The model is reasonable on many other accounts, though.  This type of aging model will work with any kind of distributed network, as it requires solely deleting and removing the neurons in a gradual fashion.  It also scales up to much larger and more complicated examples because of the general nature of the model:  as long as there are links and the internal representation is a distributed one, the model would continues to be an effective simulation.  It accurately simulates the electronic effects of neuronal loss in the mind and corresponds to the results found in people, as far as any standard neural network.  It accurately shows the deleterious effects that dementia has on fluid learning and the ability to recall information. 

It can be questioned whether any model of cognition using backpropagation is an appropriate one.  There has been no display of backpropagation being used in the mind itself and many tasks, such as language comprehension, are learned without the use of direct, consistent feedback or any error-correction mechanism.  The analysis of the underlying functionality of large neural networks is purportedly difficult and the need for randomness when initially generating the model and for determining an appropriate number of units to be used in a simulation also demonstrates imprecision, and thus flaws in the model.  Any model that trains itself will be subject to these flaws.  (Coltheart, 1995)

 

Conclusion

            Removing both the links between neurons and neurons themselves in a neural network using backpropogation provides an approximation to the memory impairments and learning deficits that are seen in the onset of aging and dementias such as Alzheimer’s disease.  Though this model only takes into account the electronic nature of the neurons, without associating itself with untoward chemical or electronic effects, it still provides an effective simulation that can be generalized to any trained or distributed neural network.                                                          


References

 

            Cohen, Gene D.  The Brain and Human Aging.  New York: Springer.  1988.

 

Coltheart, Max.  Connectionist Modelling and Cognitive Psychology.  Noetica:  A Cognitive Science Forum.

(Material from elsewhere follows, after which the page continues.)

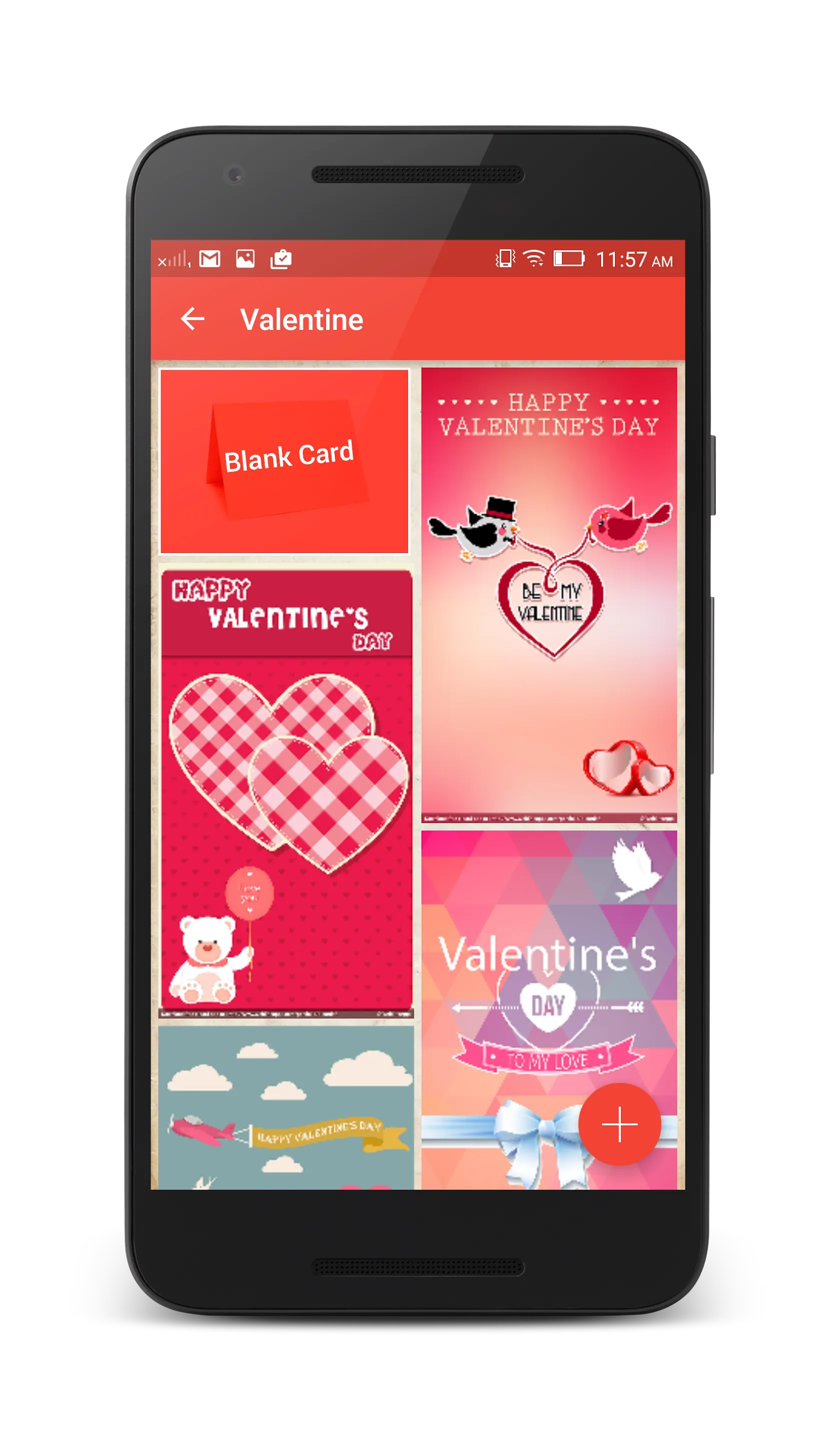 E-Cards | Indus Appstore | Screenshot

Domain:  “http://www.cs.indiana.edu/Noetica/”

Website:  http://www.cs.indiana.edu/Noetica/OpenForumIssue1/Coltheart.html”. 1995. 

 

Esiri, Margaret M.  Dementia and normal aging: neuropathology.  In:  Hupert, Brayne & O’Connor (Eds.),  Dementia and Normal Aging.  Cambridge University Press.  1994.

 

Esiri, Margaret M. & Morris, James H.  (Eds.)  The Neuropathology of Dementia.  Cambridge University Press.  1997.

 

Henderson, A. S. & Sartorius, N.  International Criteria and Differential Diagnosis.  In:  Hupert, Brayne & O’Connor (Eds.),  Dementia and Normal Aging.  Cambridge University Press.  1994.

 

Muller, B., Reinhardt, J., & Strickland M. T.  Neural Networks:  An Introduction.  Berlin: Springer.  1995.

 

Parks, Randolph W. et al.  (Eds.)  Neuropsychology of Alzheimer’s Disease and Other Dementias.  New York: Oxford University Press.  1993.